— Exercise details —
In the records below, find the line containing "GRADING OF FOLLICULAR" and print it and every line after it exactly, through the end. Skip pictures.

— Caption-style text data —
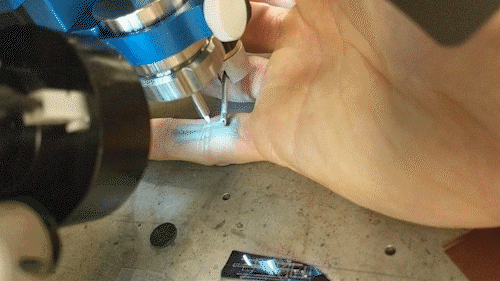 Duke graduate student Nick Williams prints two electronically active leads along the underside of his pinky finger, places small LED light between them, and applies a voltage to show the circuit stays intact even when he bends his finger. @ Nick Williams, Duke University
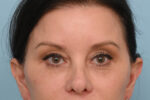 Eye Rejuvenation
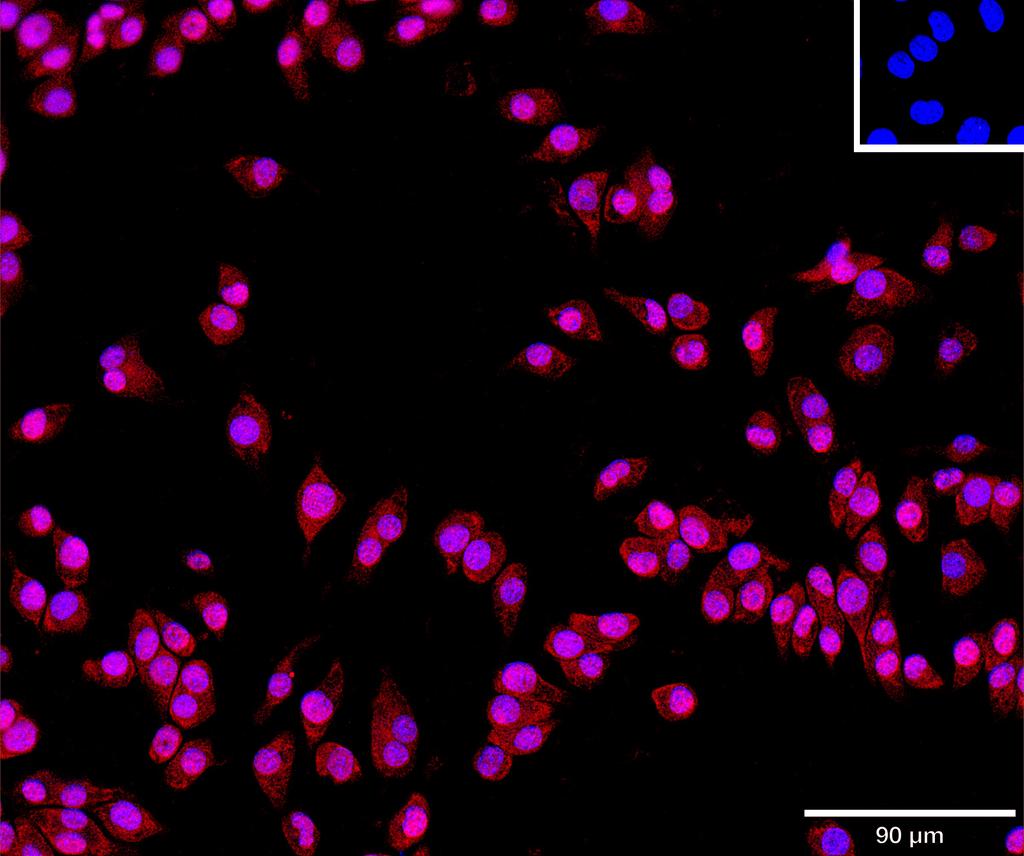 Ankyron TEFF1_MOUSE Clone AS40590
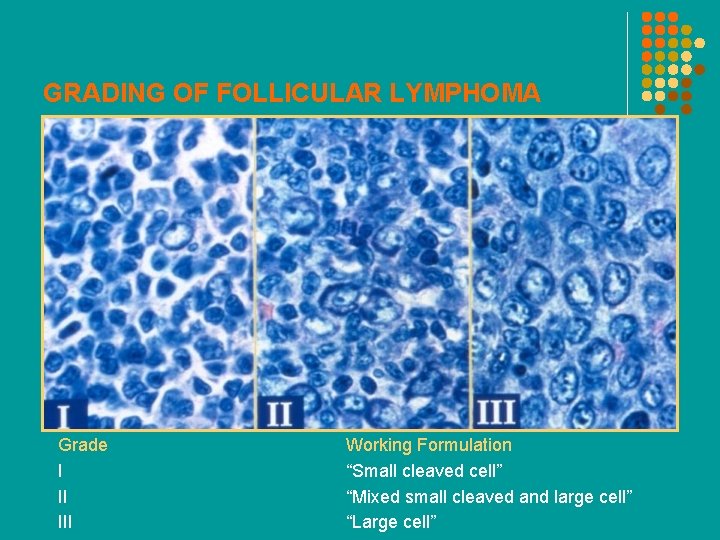 GRADING OF FOLLICULAR LYMPHOMA Grade I II III Working Formulation “Small cleaved cell” “Mixed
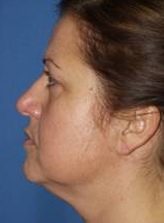 Patient # 38083 Before Photo # 3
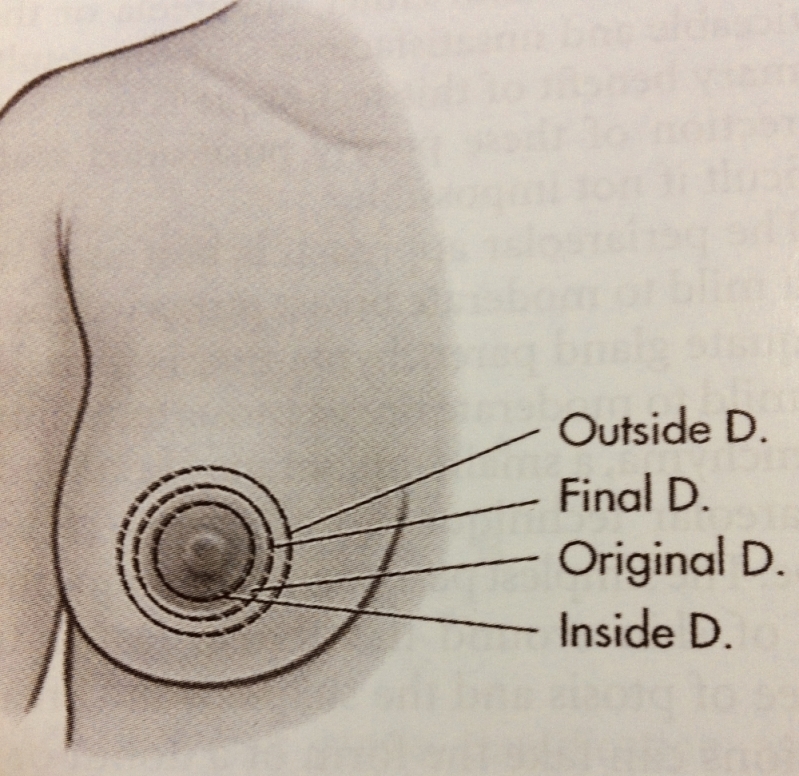 Mamoplastia Cirurgia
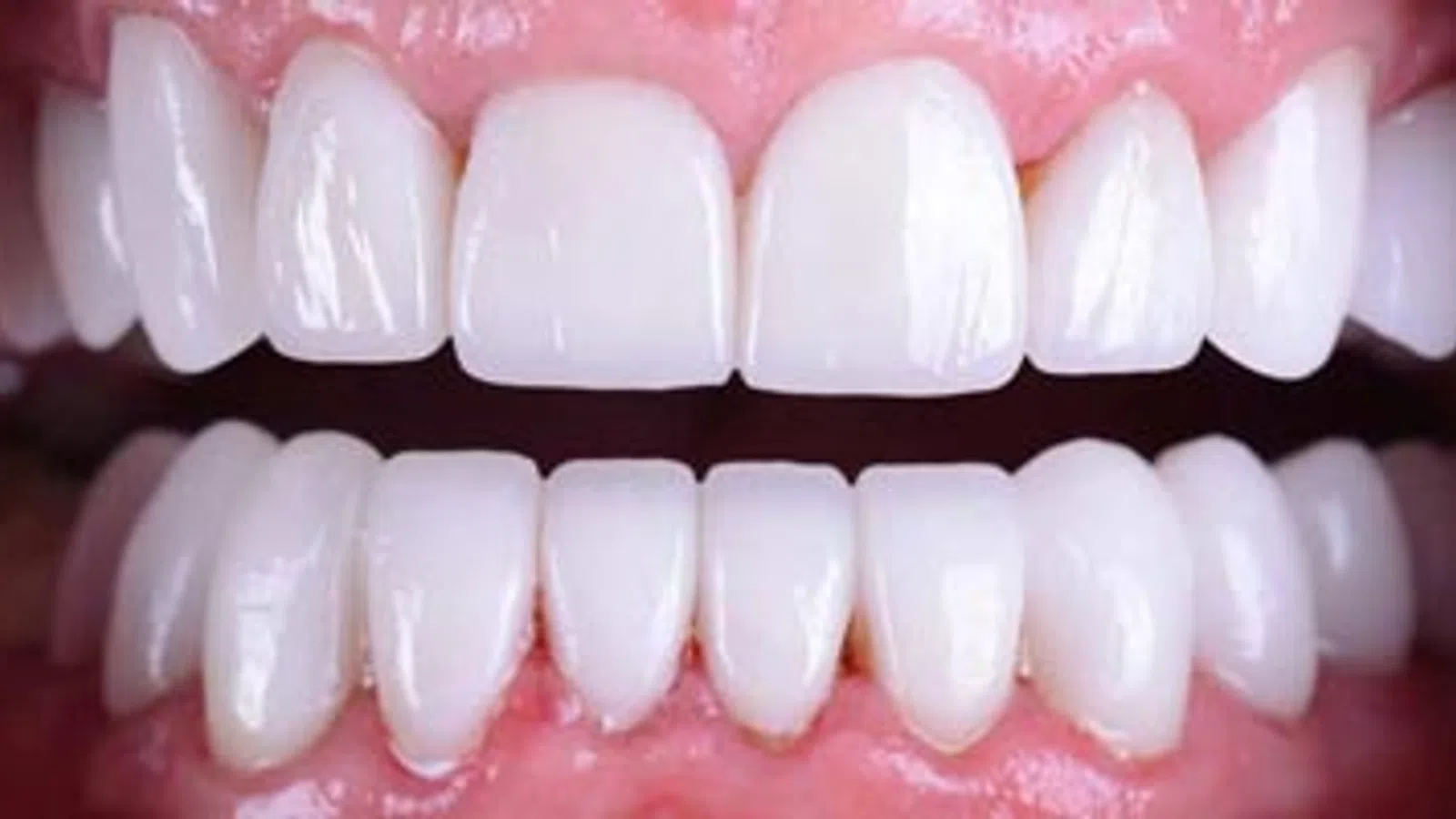 Close-up of healthy white upper and lower teeth with pink gums and no visible dental issues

— Solution for this problem —
 GRADING OF FOLLICULAR LYMPHOMA Grade I II III Working Formulation “Small cleaved cell” “Mixed
 Patient # 38083 Before Photo # 3
 Mamoplastia Cirurgia
 Close-up of healthy white upper and lower teeth with pink gums and no visible dental issues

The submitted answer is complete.